Financial markets in Dubai and other Arab emirates dropped about seven percent early Monday, with investors worried about Dubai's ability to pay back $60 billion in debt. 

Both Dubai's and neighboring Abu Dhabi's stock exchanges slid quickly after markets opened.  

It was the first day of trading since state-owned Dubai World asked for a six-month delay in repaying its debts.  The announcement Wednesday came just before the Muslim Eid al-Adha holiday.

The repercussions were felt last week in other markets around the world.

But Asian markets Monday were up, following word Sunday that the United Arab Emirates' Central Bank in Abu Dhabi would step in to help Dubai World.

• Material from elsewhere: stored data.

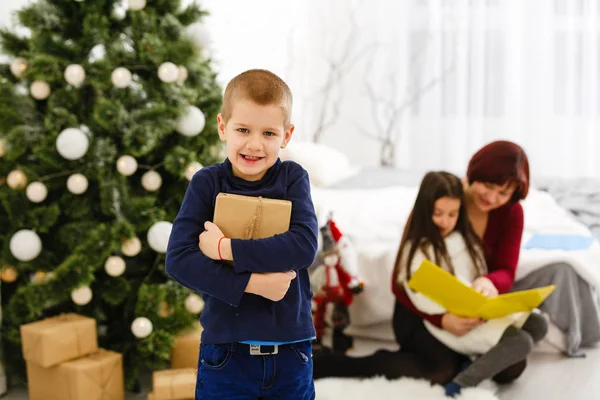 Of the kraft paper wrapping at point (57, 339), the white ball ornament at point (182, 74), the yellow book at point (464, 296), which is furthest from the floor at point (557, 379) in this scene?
the white ball ornament at point (182, 74)

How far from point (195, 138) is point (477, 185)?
98 cm

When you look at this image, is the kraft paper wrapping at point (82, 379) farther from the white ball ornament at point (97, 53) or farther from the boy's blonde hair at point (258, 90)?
the boy's blonde hair at point (258, 90)

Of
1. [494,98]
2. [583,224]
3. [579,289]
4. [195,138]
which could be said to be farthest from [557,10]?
[195,138]

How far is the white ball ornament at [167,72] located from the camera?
2.04 meters

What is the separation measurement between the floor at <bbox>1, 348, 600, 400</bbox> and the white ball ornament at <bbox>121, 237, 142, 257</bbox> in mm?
521

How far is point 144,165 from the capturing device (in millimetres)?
2152

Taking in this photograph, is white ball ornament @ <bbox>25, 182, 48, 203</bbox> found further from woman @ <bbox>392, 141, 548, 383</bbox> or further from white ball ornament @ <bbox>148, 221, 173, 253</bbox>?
woman @ <bbox>392, 141, 548, 383</bbox>

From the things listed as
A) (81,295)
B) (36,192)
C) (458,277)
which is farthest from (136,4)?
(458,277)

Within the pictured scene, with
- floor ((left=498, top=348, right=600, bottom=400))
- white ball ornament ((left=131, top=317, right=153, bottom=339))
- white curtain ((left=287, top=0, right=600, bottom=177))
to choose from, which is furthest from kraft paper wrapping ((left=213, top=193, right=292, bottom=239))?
white curtain ((left=287, top=0, right=600, bottom=177))

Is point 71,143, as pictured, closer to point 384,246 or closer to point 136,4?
point 136,4

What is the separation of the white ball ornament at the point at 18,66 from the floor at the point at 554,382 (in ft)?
3.56

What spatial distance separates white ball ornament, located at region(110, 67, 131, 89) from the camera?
6.56 feet

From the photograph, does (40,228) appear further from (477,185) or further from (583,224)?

The property company has been hard hit by the global financial and real estate crises, putting on hold many of the grandiose projects for which Dubai has gained fame. 

Louis Hobeika, an economist at Lebanon's Notre Dame University, says one lesson of the crisis should be Dubai's reassessment of its financial limits.

"Dubai had lots of potential, lots of ambition," Hobeika said. "However it has very little, or limited resources to implement those ambitions or realize them." 

Hobeika says that Dubai will have to downsize its ambitions, and with Abu Dhabi's, and possibly Saudi Arabia's, eventual help with debt rescheduling, the crisis should soon pass. 

The Emirate's Central Bank has said it will not give an unconditional bail-out to Dubai World, but look at components of the company to see if they are worth saving.